Hail! joyous morn. Hail! happy day, That ushers in another year, Fraught with what sorrow, none can say, Nor with what pain, to mortals here.

Another year has roll'd away, With all its sorrows, joys and fears, But still the light of hope's glad ray, Yet beams within our heart, and cheers.

One year, one span of time has pass'd, So swift to some, to others slow; But it has gone, and we should cast Along with it, remorse and woe.

Of things we've done, or only thought, 'Tis useless now the bitter tear, Of actions unavailing wrought, Let them repose upon their bier.

We should, indeed, e'en yet atone For what our reason says we can, But never let remorse's groan Degrade us from our state as man.

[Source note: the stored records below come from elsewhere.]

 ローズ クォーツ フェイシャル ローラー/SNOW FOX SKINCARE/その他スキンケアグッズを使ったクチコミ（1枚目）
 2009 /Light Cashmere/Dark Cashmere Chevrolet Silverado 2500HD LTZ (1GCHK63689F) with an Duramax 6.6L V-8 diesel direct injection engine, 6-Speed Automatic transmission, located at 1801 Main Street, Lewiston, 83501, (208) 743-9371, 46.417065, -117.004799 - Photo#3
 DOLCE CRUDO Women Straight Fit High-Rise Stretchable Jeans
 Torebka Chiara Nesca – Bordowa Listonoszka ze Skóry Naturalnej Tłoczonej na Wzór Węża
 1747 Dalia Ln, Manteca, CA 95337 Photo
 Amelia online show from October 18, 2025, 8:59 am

Let us discharge the debts we owe, But still some debts will be unpaid; But we, if we forgive, also, Should ne'er, despairing, feel afraid.

The future is before us still, And to that future we should gaze, With hope renew'd, with firmer will, To tread life's weary, tangl'd maze.

We ne'er should let the gloomy past, Bow down our heads in dark despair, But we should keep those lessons fast, Which e'en our follies taught us there.

Experience, so dearly bought, By folly, or by ignorance, Should, in our inmost system wrought, Our daily life improve, advance.

Then let us press towards the goal, The common goal of all mankind, Go on, while seasons onward roll, Nor cast one fainting look behind.

And, as we journey through this year, Let us in watchfulness beware Of all that brings remorseful tear, Or future terror and despair.

Let us with thoughtful vision scan Each step we take, each act we do, That we may meet our brother man, With no unrighteous thing to rue.

A happy, happy, bright New Year, I wish to all the sons of men, With happy hearts, and merry cheer, Till it has roll'd its round again.